# Gaming Monitor for Gaming (20-30K)



## Ronnie11 (Feb 4, 2018)

Hey Guys, so recently i got a ps4 pro and i am looking for a tv to hook it up to.

1. Budget?
20-30k
2. Display type and size?
LCD/LED and about 32 inch
3. What will the TV/monitor be used for primarily?
Gaming through PS4 pro
4. Types and number of ports required?
HDMI slot is a must
5. Preferred choice of brand?
Any reliable brand, no preference as such 
6. Any TV/monitor in consideration?
Nope
7. Any other info that you want to share.
While i do agree that you get the best performance at 4k tv, Pls bear in mind that this is a secondary tv for me and i will eventually upgrade my Primary tv(LG) into a 4k eventually.

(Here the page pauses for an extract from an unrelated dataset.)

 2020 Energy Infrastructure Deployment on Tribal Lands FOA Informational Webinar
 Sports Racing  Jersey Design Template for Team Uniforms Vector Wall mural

But for now, i am looking at 1080p resolution(Full HD)


----------



## whitestar_999 (Feb 4, 2018)

*www.amazon.in/LG-32MN58H-31-5-inch...F8&qid=1517762061&sr=1-33&refinements=p_89:LG
Don't know how it will fare as a gaming monitor for PS4 though.


----------



## Ronnie11 (Feb 4, 2018)

whitestar_999 said:


> *www.amazon.in/LG-32MN58H-31-5-inch-Full-HD-Monitor/dp/B01MYTIIHB/ref=sr_1_33?s=computers&ie=UTF8&qid=1517762061&sr=1-33&refinements=p_89:LG
> Don't know how it will fare as a gaming monitor for PS4 though.


Doesn't seem to be available right now. Do you have any alternative options too i could look at?
Btw can anyone please explain what is hdmi premium?Supposedly its a blue coloured port. Does it make any difference to the display or is this some kind of marketing gimmick?


----------



## whitestar_999 (Feb 5, 2018)

For 4K's sake: why is the industry making HDMI cables so complicated? | TechRadar
Basically a "premium hdmi" port is just a fancy name for hdmi 2.0.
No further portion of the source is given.